Mr F is nearly 47 years old. He lives alone. Every day he wears the same brown worsted suit with two-inch turn-ups, buttoned waistcoat, trilby hat and impeccably clean cuffs. He's worked at the same furriers, on the aptly named Skin Lane in the City of London, for 33 years.

There's no obvious reason "why this man should seem so separate" and when we meet him, at the beginning of 1967, it seems impossible that anything could derail him from his well-regimented routine. Even a shocking dream, ripe with erotic symbolism, doesn't shake him out of his emotional paralysis - until it visits him every night, in exactly the same detail. Prior to the nightmares, sex had passed Mr F by. But when it confronts him in his unconscious, he is unable to defend himself against it: "Why had it stayed hidden for so long? What had dislodged it from its filthy bed? Where had it come from?"

Things become even more troublesome for him when Beauty, his boss's young nephew, arrives in Skin Lane to learn about the business. There follows a long and torturous summer, studded with furtive glances, moments of accidental contact and eventually a series of unfor tunate episodes that gives Mr F the chance to express his true feelings. But how can a man who "has never lived in the present tense before" address publicly his very immediate homosexual desires?
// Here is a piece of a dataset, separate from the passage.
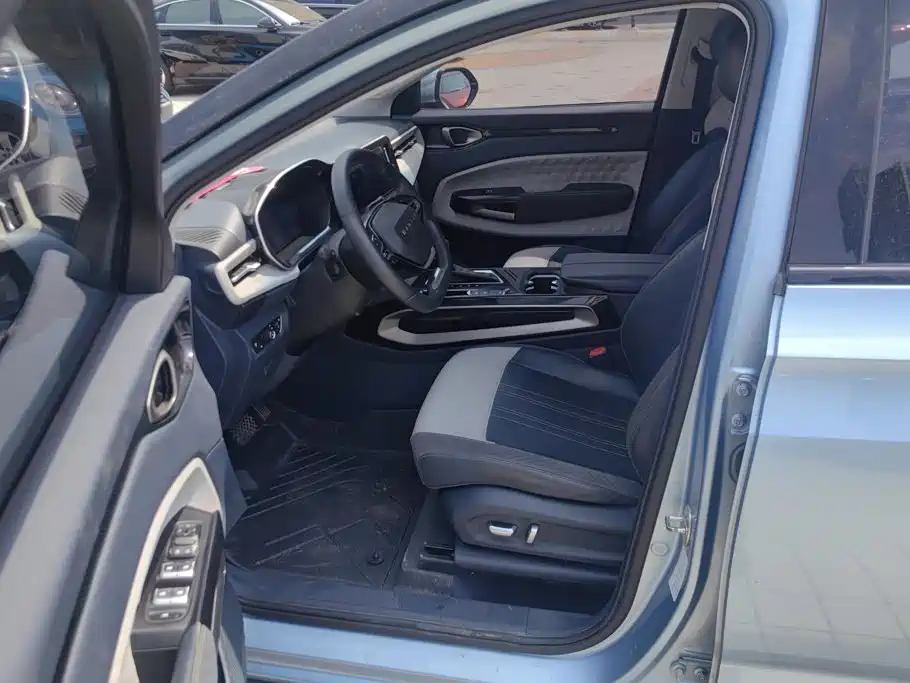 Baojun RM-5 2020 2019 1.5T CVT 24-hour Online Premium 7-seater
The London of 1967 which Bartlett renders so exquisitely is as far from the popular myth of a city at the heart of the Swinging Sixties as it is possible to get. But although Mr F might believe that the things he reads about in the London Evening Standard "are happening in somebody else's world", he's much closer to national events than he thinks. In fact, he is the sort of man the then home secretary Roy Jenkins was talking about that very summer, when he said during a parliamentary debate on the rights of homosexuals (and bear in mind he was fighting for a more liberal attitude) that "those who suffer from this disability carry a great weight of loneliness, guilt, shame and other difficulties". On the very day the Sexual Offences Act was finally passed (28 July 1967), Mr F is wondering how it would feel to hold the naked body of a young man: "How sweet the weight of him in my arms."

The prose is precise. Bartlett savours the moments of eroticism when they happen to Mr F as if making up for every second of his wasted years: the passionate kisses of a dream made flesh and a wonderfully evocative moment when he finds himself marooned in Leadenhall Meat Market with all the dead carcasses. Mr F is finally getting in amongst it, instead of satisfying himself, as he has always done, with the outer skin.

The denouement, when it comes, is palpable and heartbreaking. It perfectly encapsulates the feeling of frustrated, passionate desire for something that is unattainable. At the same time, it wonders at the cost: "If you had never woken me, I could have slept for ever."

Bartlett, a celebrated theatre director as well as a novelist, has written a rich and subtle story by successfully stitching together the remnants of a man's life - as it falls apart around him - and the fabric of a city at a pivotal point in its history.